2 Configuring Low Power Mode¶

2.1 Enabling Low Power Mode¶

Run menuconfig in the project directories of HCPU and LCPU to open the software configuration menu.
Navigate to SiFli Middleware and select “Enable Low Power Support” to enable low-power mode support in the middleware. “Enable PM Debug” is a debugging switch; if enabled, it will output low-power related logs. The specific log descriptions are provided in Section 3.3;

Figure 2-1: Middleware Low Power Configuration Menu
Navigate to RTOS → RT-Thread Components → Device Drivers. “Using Power Management Device Drivers” is the low-power service option for the operating system. Since the middleware’s low-power support is already enabled, this option is selected by default. “Enable Standby Mode” is used to configure whether the system can enter STANDBY low-power mode. If selected, the system can enter STANDBY mode, as shown in Figure 2-2. If not selected, the system can only enter LIGHT low-power mode. Note that if LCPU enables STANDBY mode, HCPU must also enable STANDBY mode.
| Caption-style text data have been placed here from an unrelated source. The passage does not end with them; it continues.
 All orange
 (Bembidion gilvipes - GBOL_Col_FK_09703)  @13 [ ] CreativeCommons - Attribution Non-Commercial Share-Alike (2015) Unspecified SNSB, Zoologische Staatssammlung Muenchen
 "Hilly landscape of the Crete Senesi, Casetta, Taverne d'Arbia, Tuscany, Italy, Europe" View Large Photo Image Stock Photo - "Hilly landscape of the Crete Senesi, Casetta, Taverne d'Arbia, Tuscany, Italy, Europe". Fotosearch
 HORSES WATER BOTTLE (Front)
Figure 2-2: Device Driver Low Power Configuration Menu
After configuration, ensure that the project configuration file rtconfig.h includes the following definitions:

#define RT_USING_PM 1 // Enable PM module
//#define PM_DEEP_ENABLE 1 // Recommended for 52 MCU to use DEEP sleep mode
#define PM_STANDBY_ENABLE 1 // Recommended for 55, 58, 56 to use STANDBY sleep mode
#define BSP_USING_PM 1  // Enable PM module
#define BSP_PM_DEBUG 1 // Print PM[S], [W] logs

2.2 Disabling Low Power Mode¶

Run menuconfig in the project directories of HCPU and LCPU to open the software configuration menu.
Navigate to SiFli Middleware and uncheck “Enable Low Power Support” to disable low-power mode support in the middleware.
Navigate to RTOS → RT-Thread Components → Device Drivers and uncheck “Using Power Management Device Drivers” to disable the operating system’s low-power service.
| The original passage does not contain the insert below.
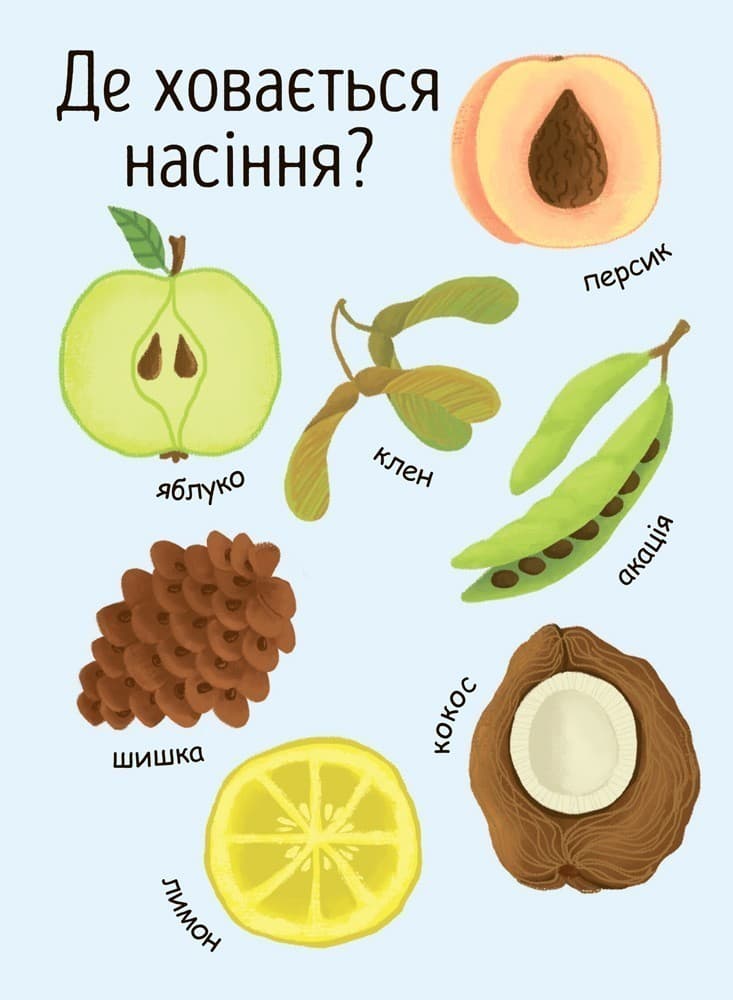 Як виростає дерево?, фото - 2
2.3 Key Wakeup Configuration¶

Refer to the configuration method in SDK\example\rt_device\pm\common

Standby Wakeup Configuration (can be used for standby, deep, and light wakeups)
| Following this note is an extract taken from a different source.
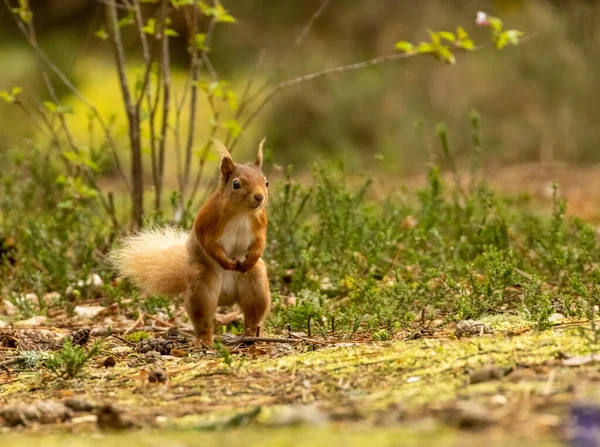 Χαριτωμένος Σκωτσέζος Κόκκινος Σκίουρος Στο Δάσος Κάτω Από Την Ανάπτυξη — Φωτογραφία Αρχείου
The following is an example of the HAL layer’s standby wakeup API function. If IO wakeup requires event handling, GPIO interrupts need to be configured:

HAL_HPAON_EnableWakeupSrc(HPAON_WAKEUP_SRC_PIN3, AON_PIN_MODE_LOW); // 55x PA80 #WKUP_A3
HAL_LPAON_EnableWakeupSrc(LPAON_WAKEUP_SRC_PIN5, AON_PIN_MODE_NEG_EDGE); // 55x PB48 #WKUP_PIN5
// To verify if the configuration is effective, refer to the corresponding registers in the chip manual:
rt_kprintf("wsr:0x%x,wer:0x%x,\n", hwp_hpsys_aon->WSR, hwp_hpsys_aon->WER); // hcpu
rt_kprintf("wsr:0x%x,wer:0x%x,\n", hwp_lpsys_aon->WSR, hwp_lpsys_aon->WER); // lcpu

Shutdown Wakeup Configuration (can be used for hibernate wakeup)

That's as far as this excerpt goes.